Among the common recommendations was a comprehensive youth football programme. Many see this as the foundation which must be dug and solidified, before any football structure can be built.
Too, there have been calls for a better system of recruitment of coaches, along with a stronger effort towards equipping coaches with the necessary education and technical know-how.
However, those who have been following the sport over the years, would acknowledge that the norm has continued, as this has been the after effects whenever St Vincent and the Grenadines exits a tournament.
The difference this time around, is that the discussions have been more intense and with no holds barred.
So, what we were basically doing is rehashing the issues, but in a more forceful and declarative manner.
But the proof of those who made the comments, offered the worthwhile suggestions and provide constructive criticisms of our football, the time is now to be part of the reconfiguration and corrective processes.
Obviously, those who took the time out to show the concerns about St Vincent and the Grenadines’ football, would indeed have a vested interest. Of course, their interests are not confined to selfish agenda, but a genuine concern to see St Vincent and the Grenadines’ football rise from the state that it is in.
Your contribution must be realised in active terms, rather than the passive criticisms and participatory role in the many discussions, whether on radio, or on the very popular and seductive social media.

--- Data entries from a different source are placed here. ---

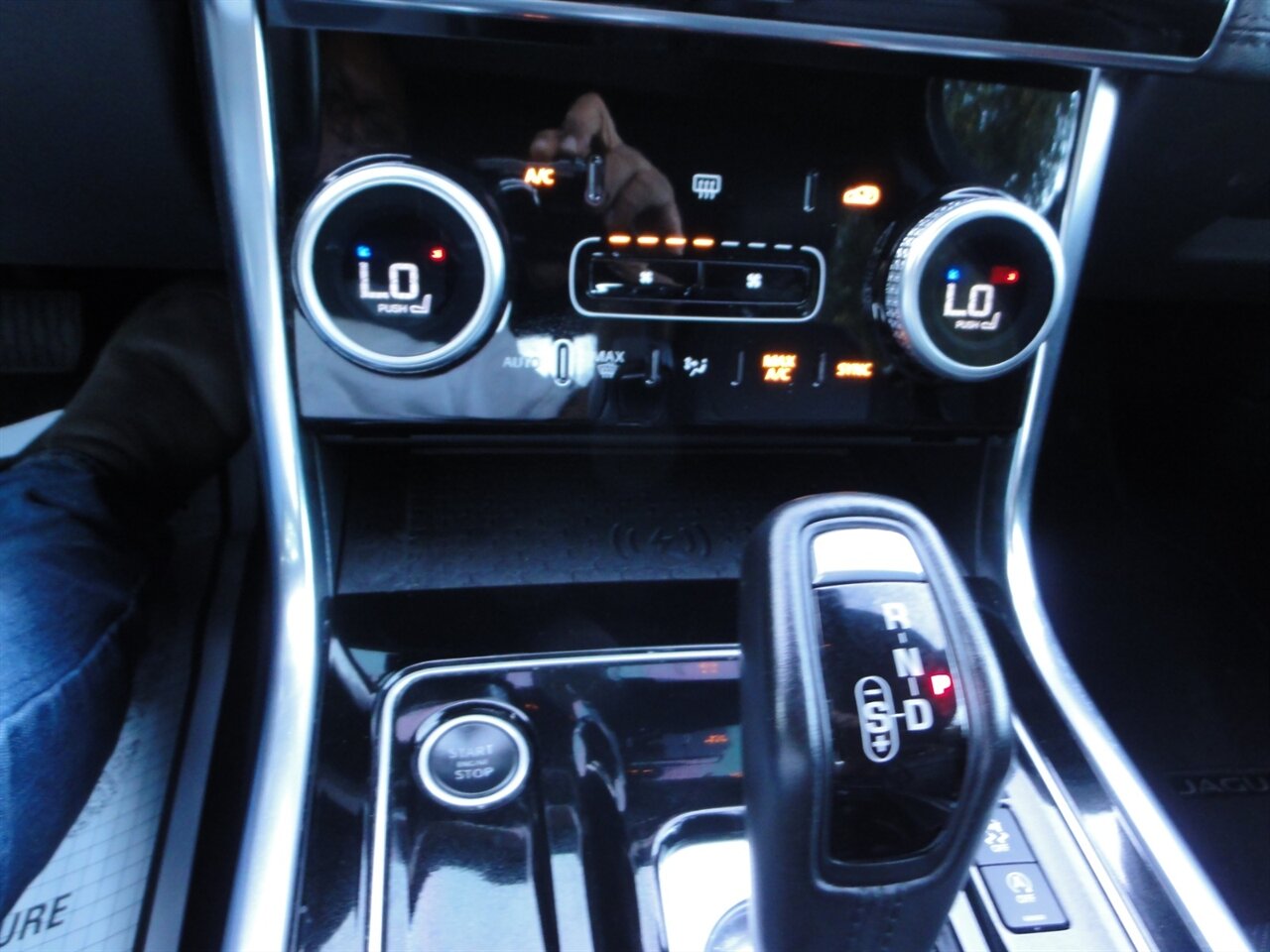 2020 Jaguar XE P250 S Premium - Photo 52 - Deland, FL 32720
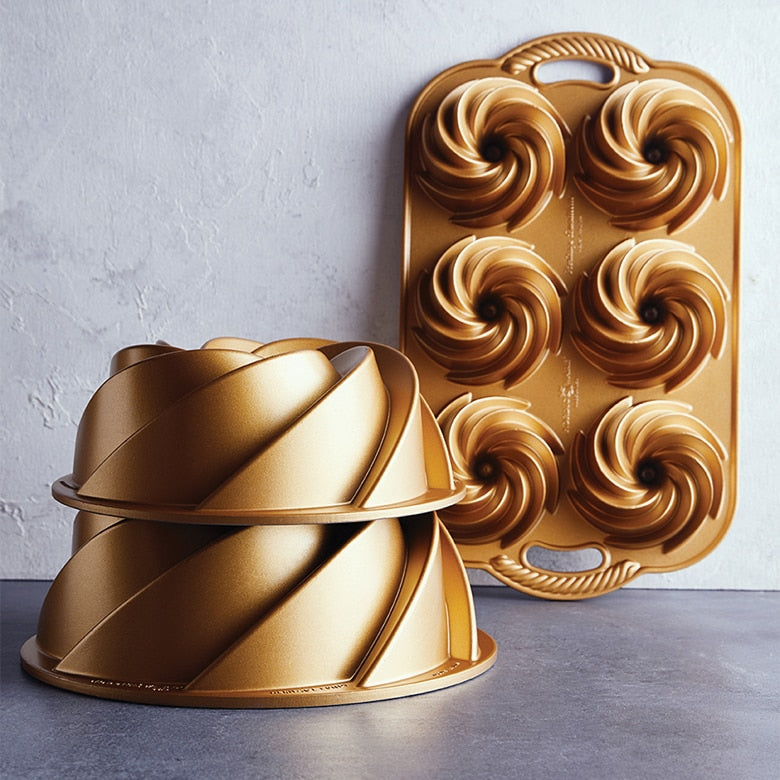 Nordic Ware Heritage Bundt Pan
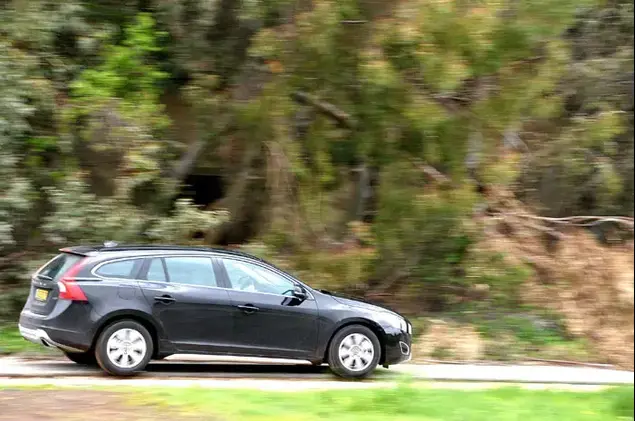 מבחן וולוו V60 (ניר בן טובים)
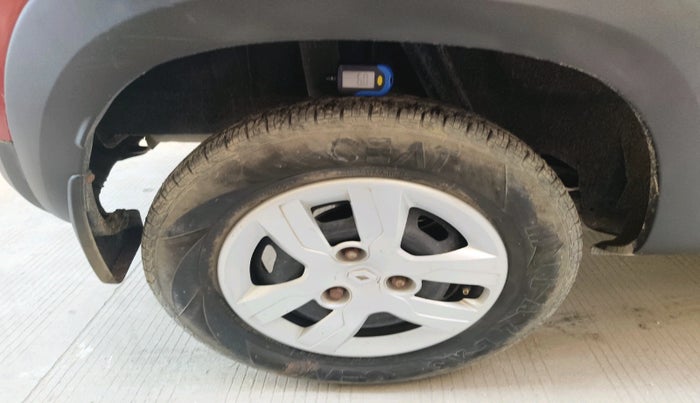 2018 Renault Kwid RXT 1.0 (O), Petrol, Manual, 78,446 km, tyre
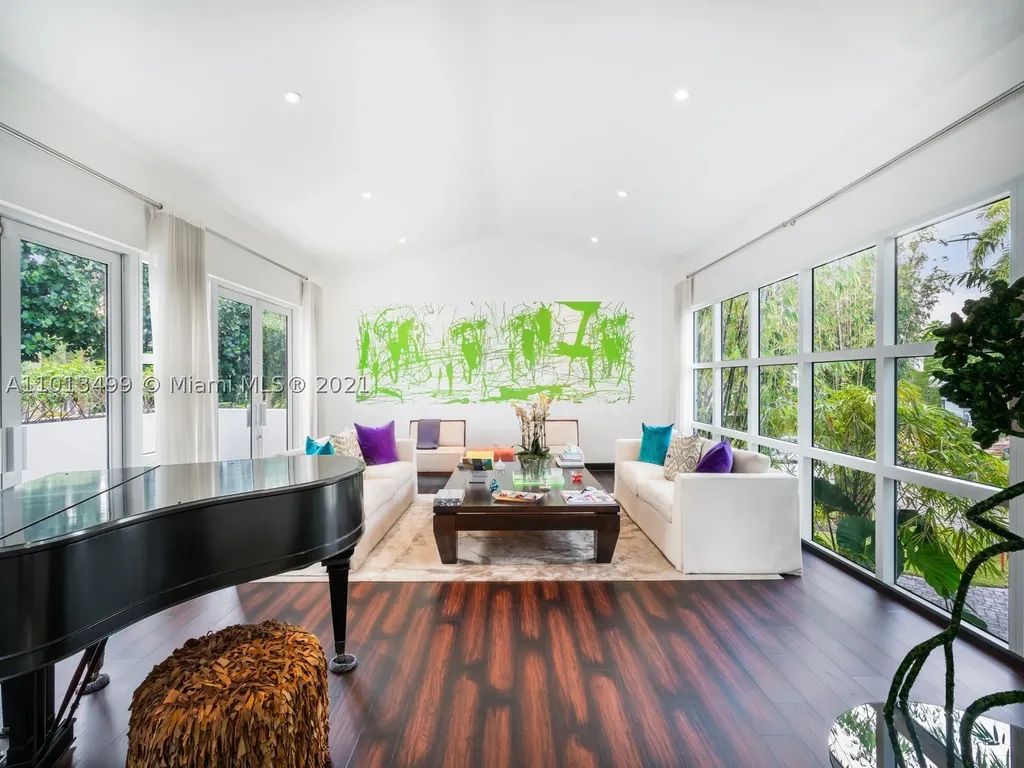 7125 E Lago Drive Coral Gables FL 33143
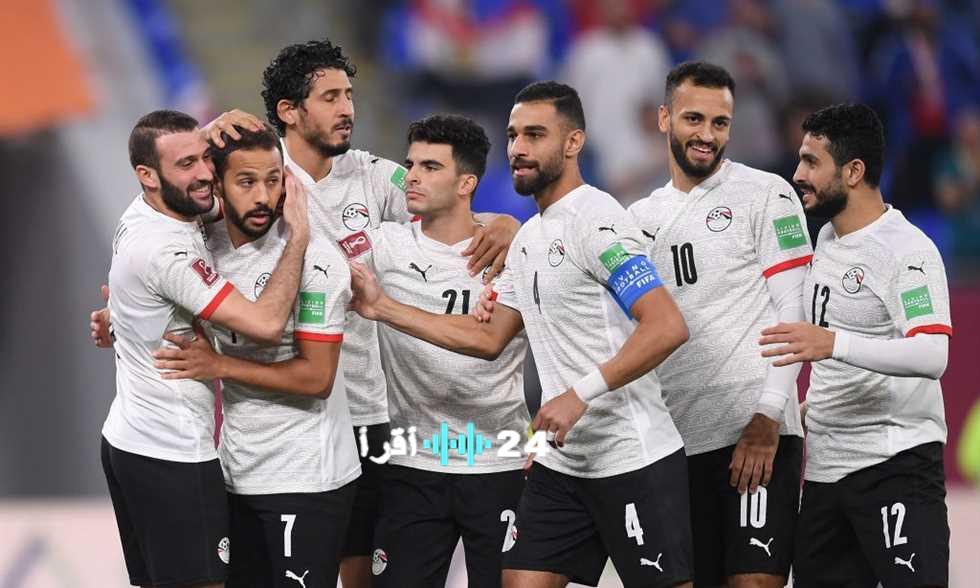 «وفاء وعرفان» قميص أحمد رفعت يضيء غرفة منتخب مصر في كأس العرب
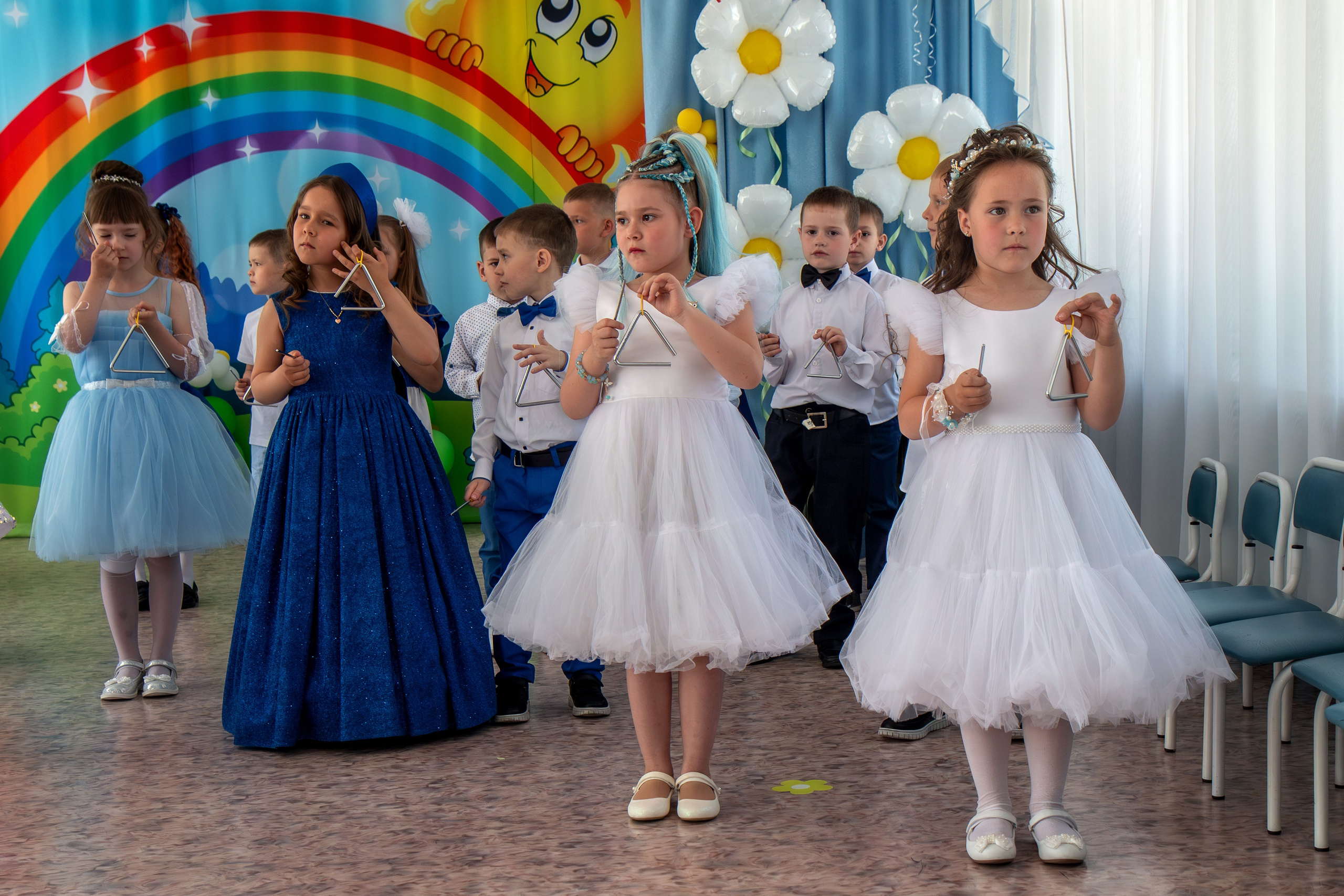 Выпускной вечер. Группа «Вишенка». Фотограф в Шелехове, лучшие выпускные альбомы в Шелехове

You would be encouraged to align yourself with one of our football units here and make your mark.
Similarly, affiliates have to be more forceful and demand more of those who have been elected to serve and administrate SVG’s football.
Affiliates have resigned themselves to four–year relevance, only functional whenever there are elections of a new executive.
But as this column is calling out those very concerned football pundits and supporters, the same holds for the executive of the SVGFF, to take the suggestions on board, and not to look at the messengers with contempt, but filter the messages.
Those elected officials must man-up to their responsibilities, whilst accounting for their stewardship.
Football administration goes beyond balancing the books and hosting tournaments, as the acumen of those in charge is measured by the development strides made.
Hopefully, the loud notices which rinsed out the ears of the football loving public within recent times and the postings that consumed many persons’ attention, must be transformed into decisive action.
This column does not want to believe it will just be another page being turned in the football rhetoric, neither is it another nine-days talk.